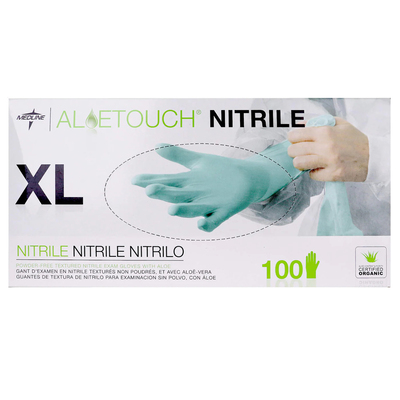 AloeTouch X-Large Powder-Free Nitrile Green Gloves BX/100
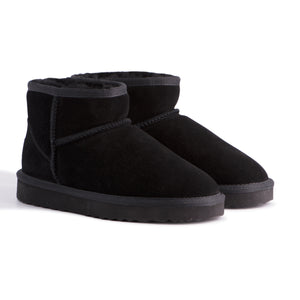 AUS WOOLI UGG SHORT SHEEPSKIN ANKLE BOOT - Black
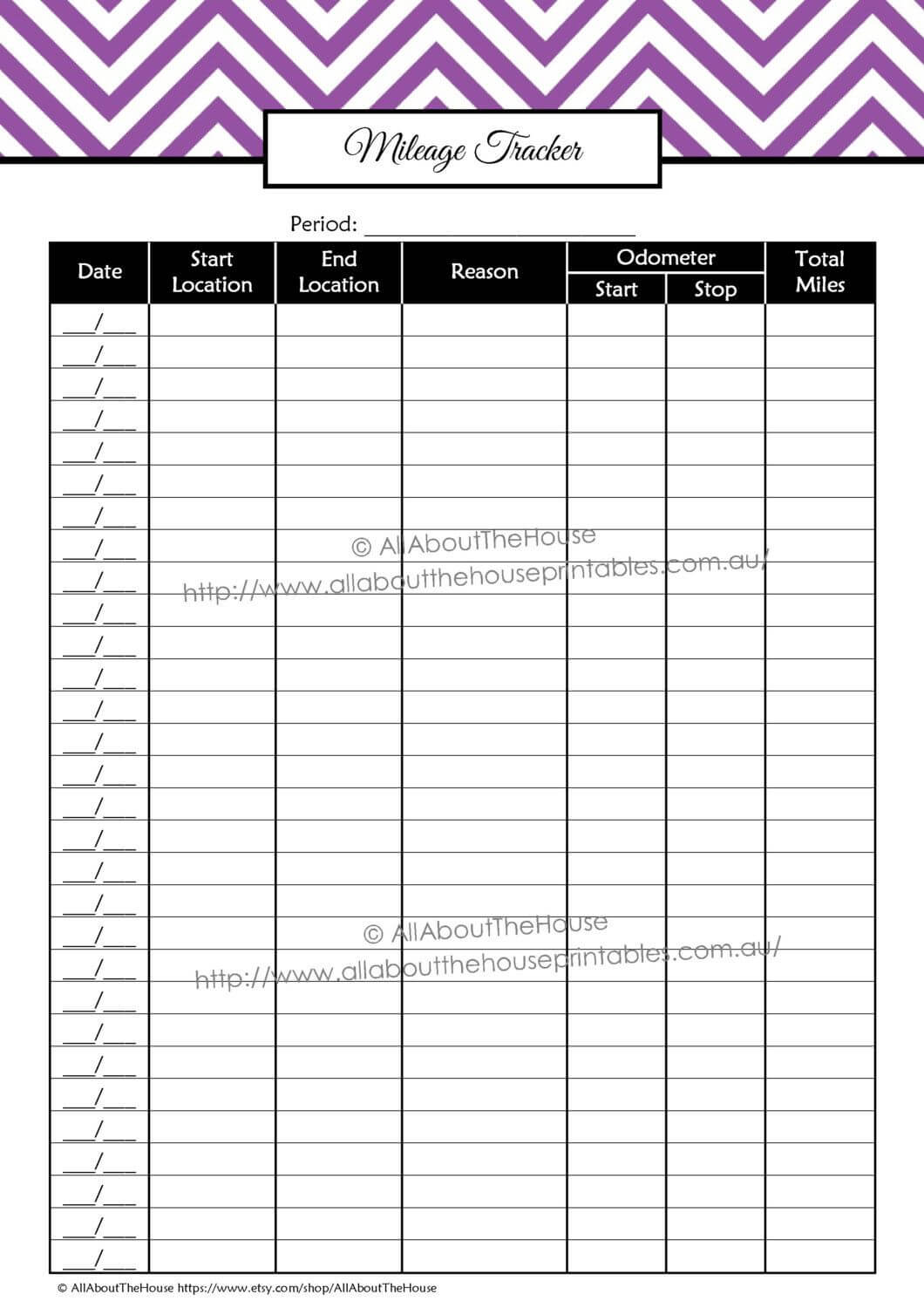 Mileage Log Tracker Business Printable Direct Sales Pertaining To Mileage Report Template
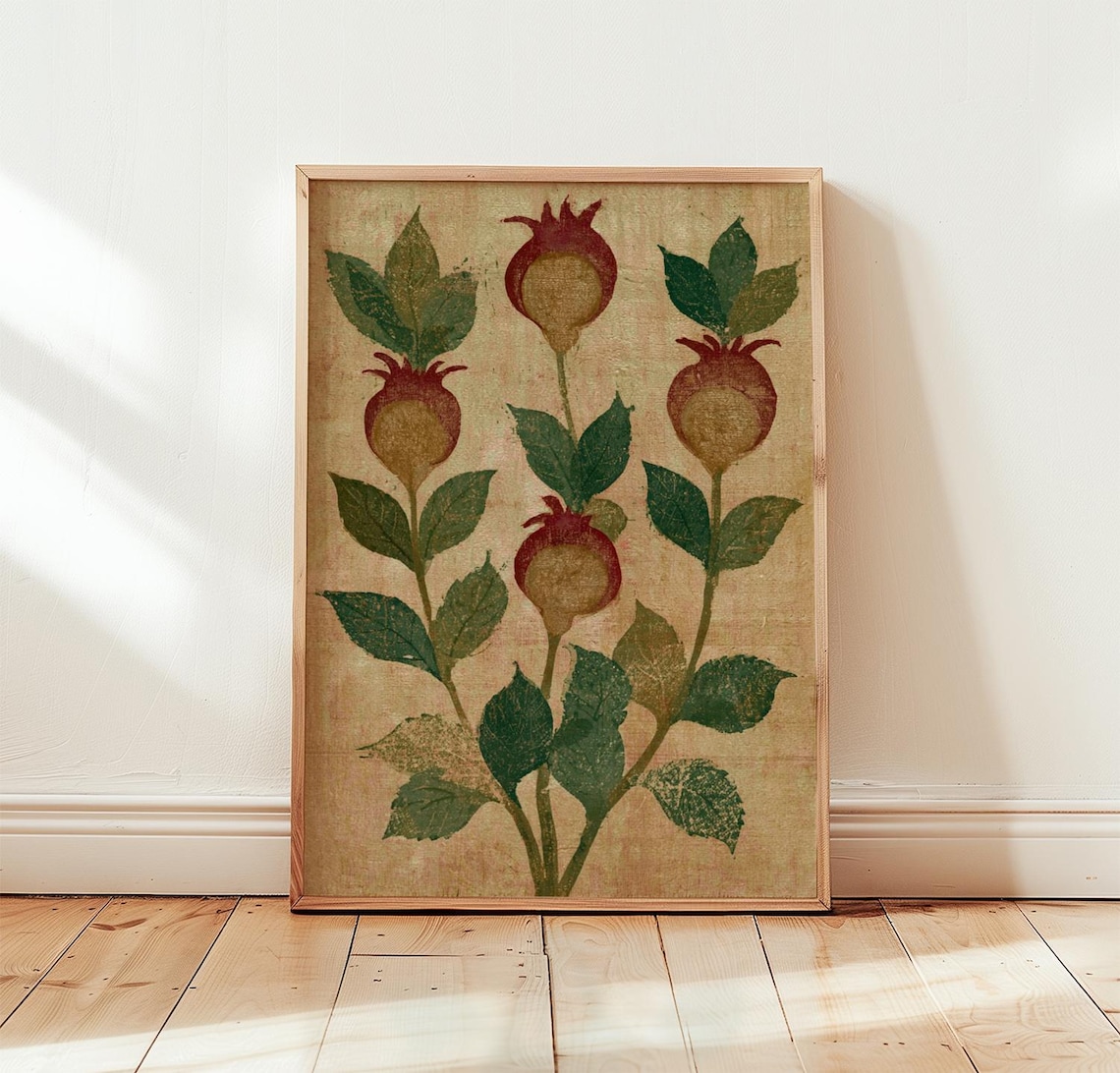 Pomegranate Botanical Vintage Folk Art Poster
------------
-- How to complete this task --
Without including any picture, set down every line above exactly as it stands.

-- Answer box --
 AloeTouch X-Large Powder-Free Nitrile Green Gloves BX/100
 AUS WOOLI UGG SHORT SHEEPSKIN ANKLE BOOT - Black
 Mileage Log Tracker Business Printable Direct Sales Pertaining To Mileage Report Template
 Pomegranate Botanical Vintage Folk Art Poster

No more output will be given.